На пальце остался слабенький след старой губной помады.
— Да? — Генри склонился, словно рассматривая мое открытие. — Что там?
— Марго Лоренс, R. I. Р.,[440]октябрь двадцать третьего.
— Кто-то припрятал ее здесь, за стеклом?
— Не совсем. А наверху, футах в трех, другое зеркало: Хуанита Лопес, лето двадцать четвертого.
— Ничего в голове не всплывает.
— Следующее зеркало: Карла Мур, Рождество, двадцать пятый год.
— Ага, — встрепенулся Генри. — Немой фильм, но один зрячий приятель как-то на дневном сеансе читал мне титры. Карла Мур! Она была не из последних!
Я направил свет фонарика.
— Элинор Твелвтриз, апрель двадцать шестого, — читал я.
— Хелен Твелвтриз играла в «Коте и канарейке»?[441]
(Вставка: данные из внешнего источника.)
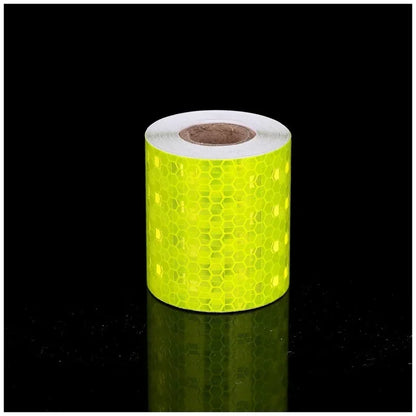 6 Colors Reflective Strip 5cm X 3m Reflective Car Sticker Tape Car Truck Trailer Safety Accessories by Smarsty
— Может, это ее сестра, но трудно сказать, когда столько было псевдонимов. Люсиль Лесюэр стала Джоан Кроуфорд.[442]Лили Шошуан пережила второе рождение как Клодетт Кольбер.[443]Глэдис Смит — Кэрол Ломбард. Кэри Грант был Арчибальдом Личем.[444]
— Ты мог бы вести викторину. — Генри вытянул ладонь. — Это что?
— Дженнифер Лонг, двадцать девятый.
— Она умерла?
— Исчезла, приблизительно тогда же, когда сестра Эйми погрузилась в море и восстала к новой жизни на берегу Аллилуйя.
— Сколько там еще имен?
— Столько же, сколько зеркал. Генри облизал палец.
— Недурно! Прошло много времени, но… помада. Какого цвета?
— Танжи, оранжевая. Летний зной, Коти, Ланвьер, вишня.
— Как по-твоему, зачем эти леди писали свои имена и даты?
— Потому, Генри, что речь не идет о многих леди. Все эти разные имена написаны одной женщиной.
— Одной женщиной, которая была не леди? Подержи мою трость, пока я думаю.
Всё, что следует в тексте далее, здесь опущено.